I decided I would try to break my wireless network today using a few handy network tools. It is a D-Link Wireless network with 128 bit WEP encryption. To perform the crack I was using my Windows XP computer, a Netgear WG111 USB Wireless dongle and the popular aircrack-ng set of tools.

Data Capture

The first part of the hack involves capturing ‘IV’ packets from your wireless network. Using airodump.exe, you select the wireless adapter you wish to use and the wireless channel you are targeting. You then tell the program where to save the captured packets and leave things running for a while. To break a 128 bit WEP key you need around 1,000,000 packets to be safe although it can be done with fewer.

Too Slow…

The unfortunate truth is that a wireless access point with nobody connected doesn’t send out many packets at all. After half an hour, you will be lucky to have 300!! To speed things up a little, I connected with another computer and started transferring some big files wirelessly across the network. Within about 15 minutes, I had enough ‘IV’ packets captured.

The Crack

All that is left to do is to feed the captured data file to aircrack-ng.exe through a command line. Within a matter of seconds, it should figure out your wireless key and display the message “Key Found!”. I have blurred out some of the characters below to protect my key

The Point

The point is, don’t rely on WEP encryption.
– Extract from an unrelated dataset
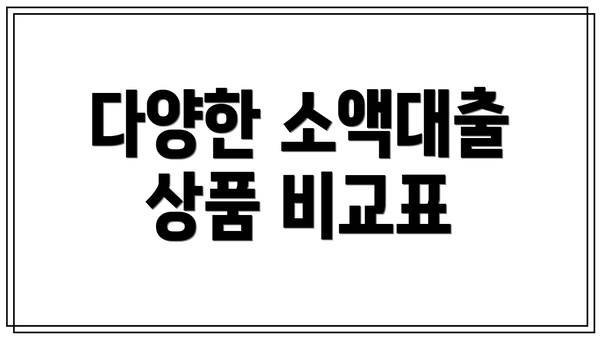 다양한 소액대출 상품 비교표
I certainly don’t, my access point normally runs WPA-PSK encryption which while not entirely secure, offers better protection. This attack was done from a Windows computer but using the Linux version of the same tool, cracks can be performed within a few minutes!

Disclaimer:
Please remember that it is illegal to access other peoples wireless networks without their permission. This hack was done on my own wireless network to prove a point. I do not encourage people to break wireless networks.